Issue with hex.cr1 – RESOLVED

We are aware of an issue with one of our Juniper Core Routers in Harbour Exchange Square.

The vast majority of services have routed round this and are not affected. As small number of directly connected customer may be seeing an issue

Our Engineers are working to restore service to this router. We will update this as we know more

[Update 18:40]
A remote hands reboot of the core router has not restored service. Our Engineers are therefore en-route to the data centre to investigate and restore service – we expect them to be on site by approx 20:15 this evening. We will update as soon as they arrive.

[Update 20:15]
Our Engineer is approx 20 minutes from the Data Centre they have collected spare parts on route in case any hardware needs swapping out. Next update by 21:15

[Update 21:15]
Our engineer is on site and working on the core router. We can see the file system is corrupt which means the router did not boot when power cycled. We are working to restore this asap. In parallel we have moved some lines onto the switch on site which is working. We are moving other links as well to restore their service. Next update within an hour

[Update 22:45]
The Router is now booted after the disk corruption was cleared. Config is being copied back & applied. We hope to have service restored very shortly. Next update by 23:30

[Update 23:20]
The router is now back and passing traffic – we have not yet enabled all peers so some traffic may take a slightly different route to ‘normal’ but no customer services are now impacted. As part of the recovery the software upgrade planned for this router has been applied so the planned work for that upgrade is no longer needed

[Update 23:30]
During the checking process we have detected the need for a reboot to ensure the router and config are updated completely. The reboot is in progress and we will expect this to complete in 10-20 minutes

[Update 23:50]
The reboot cleared the router alarm and all routing is now back up. Monitoring is now showing all links working as they should be. There will be some further checks to complete – however we do not expect any further issues. We apologise for any customers affected by the issues this evening.

 

UPDATE: 14th April 20:45

Once again, please accept our apologies for the problems you’ve seen over the previous couple of days. We realise that this has caused you all serious issues and for that, we’re very sorry.

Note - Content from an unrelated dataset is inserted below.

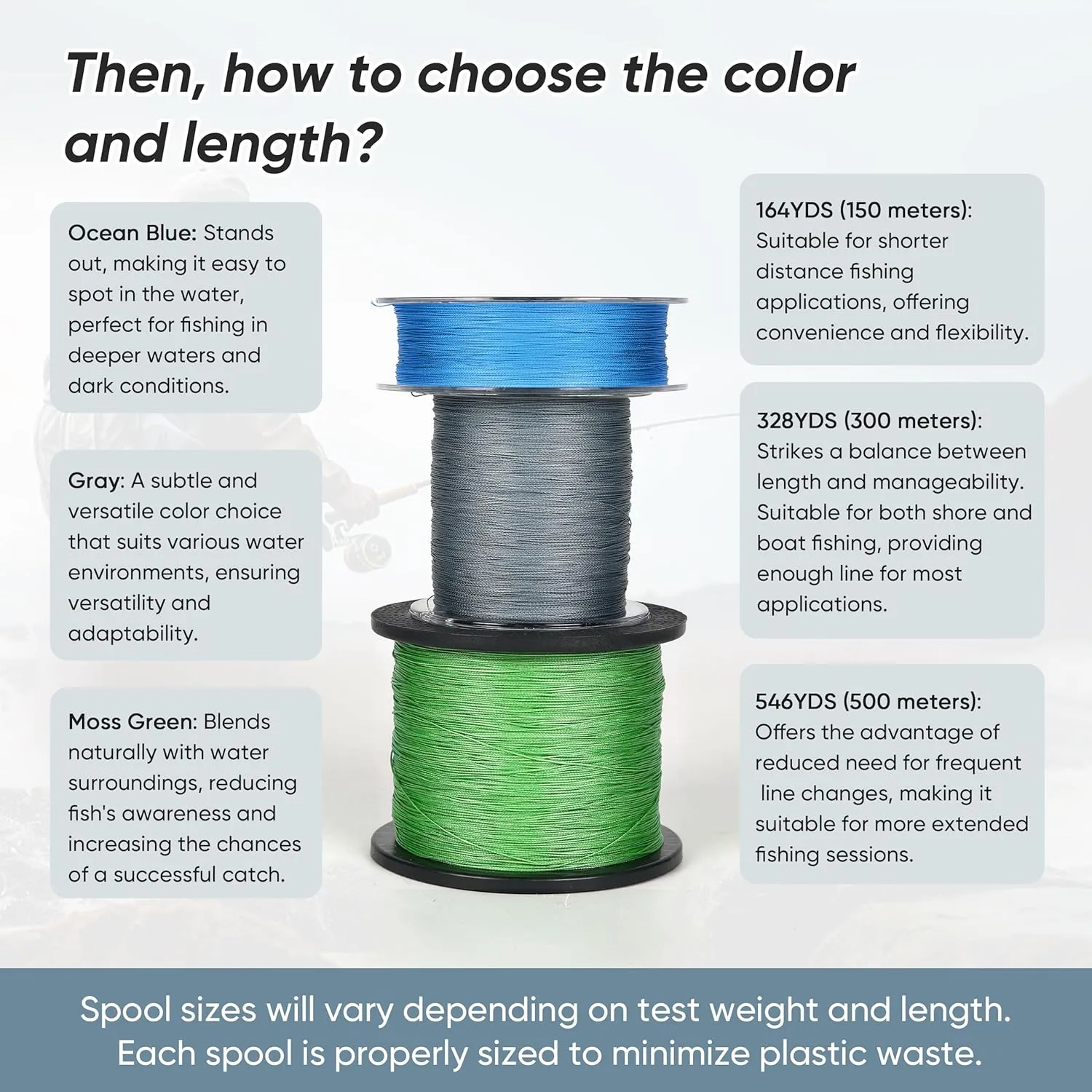 UMONE Thinner Braided Fishing Line, Ultra-Strong Abrasion Resistant Zero Stretch Braided Line, 4&8 Strand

Various internal changes have been implemented over the last 48 hours and currently, we believe that the network and associated services are now stable and will remain that way. We continue to monitor the situation closely to ensure that our network remains stable and there’s no further impact to your services.

Please email us in the normal way if you have any question or concerns. Thanks again for your support through this incident.

Ongoing DDoS attack against our network.

23:30 Again, our apologies

We continue to undertake remedial work to mitigate this ongoing attack.

We will update here as usual.

————

We are currently seeing a new, large-scale DDoS attack against our IP range. We are working to mitigate this but some services are being affected, with packet loss, routing failures or intermittent outages. Some email delivery will be queued until this is resolved.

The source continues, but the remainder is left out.